## [Material for the task]
--------------------------------------------------
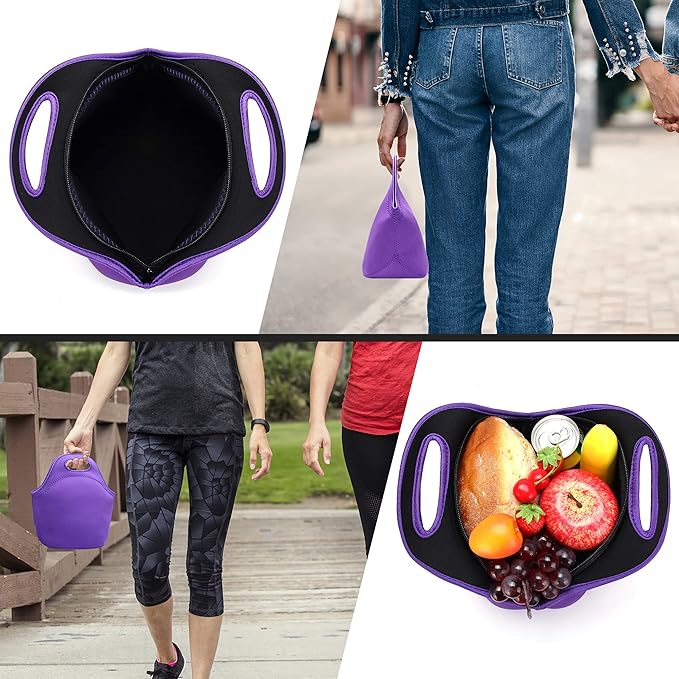 Neoprene Lunch Bag for Women Insulated Lunch Tote Bags Washable Lunch Container Box for Work Picnic Lightweight Meal Prep Bags for Men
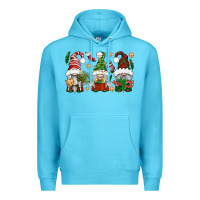 Ocean Blue Christmas Gnomes Premium Hoodie - BundleAndBundleShop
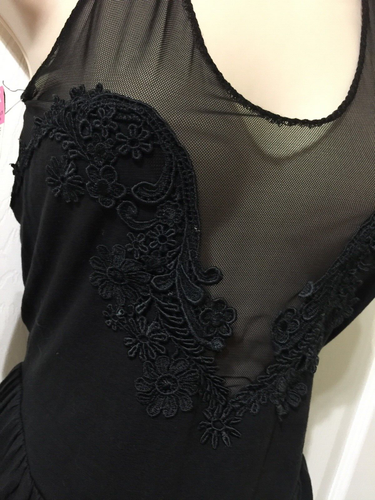 Vintage black cotton knit night gown Olga size M New - Picture 5 of 10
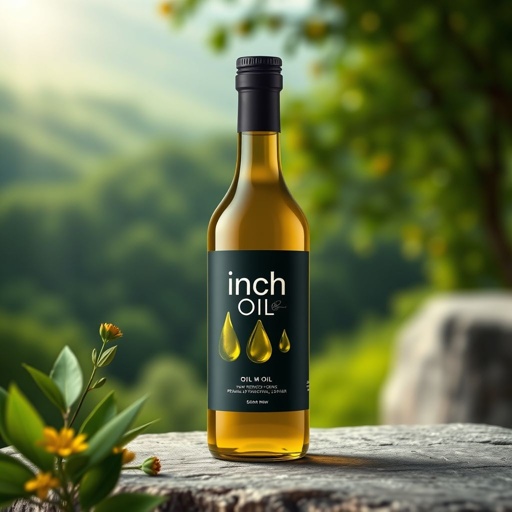 mockup design, Design a vibrant and modern mockup for "Inch Oil," a premium oil brand. Incorporate a sleek bottle with a minimalist label featuring abstract oil drips. Highlight the brand's commitment to quality through rich colors—deep greens and golds—set against a backdrop of natural landscapes, emphasizing purity and freshness.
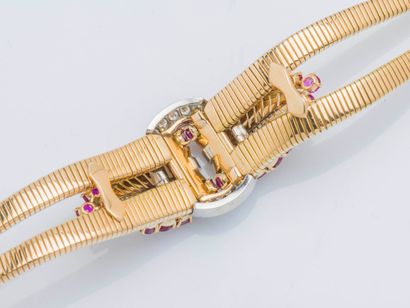 null Soft bracelet in 18K yellow gold (750 ‰) and platinum (950 ‰) composed of two...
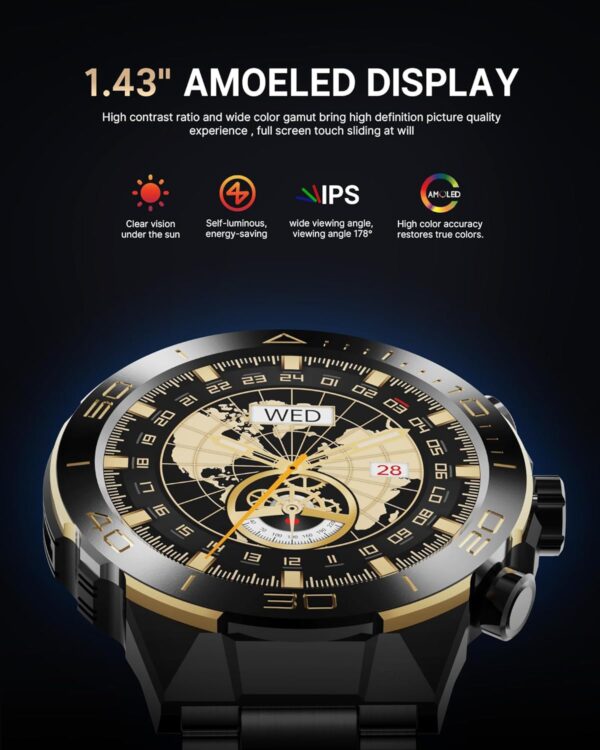 Smart Watch for Men Answer/Make Call for Android iPhone, 1.43" AMOLED HD Screen Mens Luxury Watch, 400mAh Heavy Duty Smartwatch Heart Rate Blood Oxygen Blood Pressure Sleep Monitor Pedometer, 2 Straps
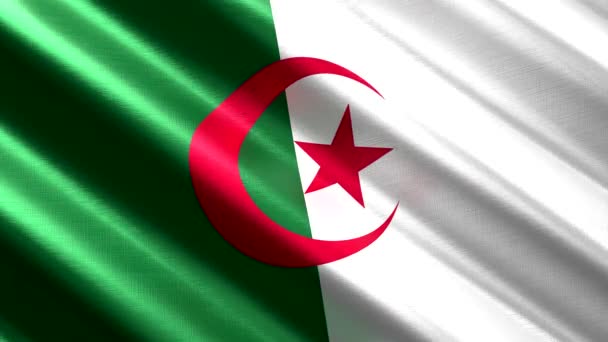 Algeria Sventola Bandiera Tessile Animazione Loop Senza Soluzione Continuità 3840 — Video Stock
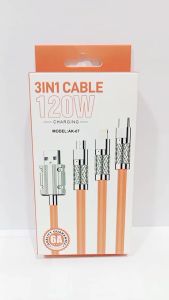 Kabel Data Multifungsi Silicon AK-07 3in1 Merah Oranye 120W Fast Charging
--------------------------------------------------
## [Task details]
Keep the pictures out and transcribe the listing exactly.

## [Exercise response]
 Neoprene Lunch Bag for Women Insulated Lunch Tote Bags Washable Lunch Container Box for Work Picnic Lightweight Meal Prep Bags for Men
 Ocean Blue Christmas Gnomes Premium Hoodie - BundleAndBundleShop
 Vintage black cotton knit night gown Olga size M New - Picture 5 of 10
 mockup design, Design a vibrant and modern mockup for "Inch Oil," a premium oil brand. Incorporate a sleek bottle with a minimalist label featuring abstract oil drips. Highlight the brand's commitment to quality through rich colors—deep greens and golds—set against a backdrop of natural landscapes, emphasizing purity and freshness.
 null Soft bracelet in 18K yellow gold (750 ‰) and platinum (950 ‰) composed of two...
 Smart Watch for Men Answer/Make Call for Android iPhone, 1.43" AMOLED HD Screen Mens Luxury Watch, 400mAh Heavy Duty Smartwatch Heart Rate Blood Oxygen Blood Pressure Sleep Monitor Pedometer, 2 Straps
 Algeria Sventola Bandiera Tessile Animazione Loop Senza Soluzione Continuità 3840 — Video Stock
 Kabel Data Multifungsi Silicon AK-07 3in1 Merah Oranye 120W Fast Charging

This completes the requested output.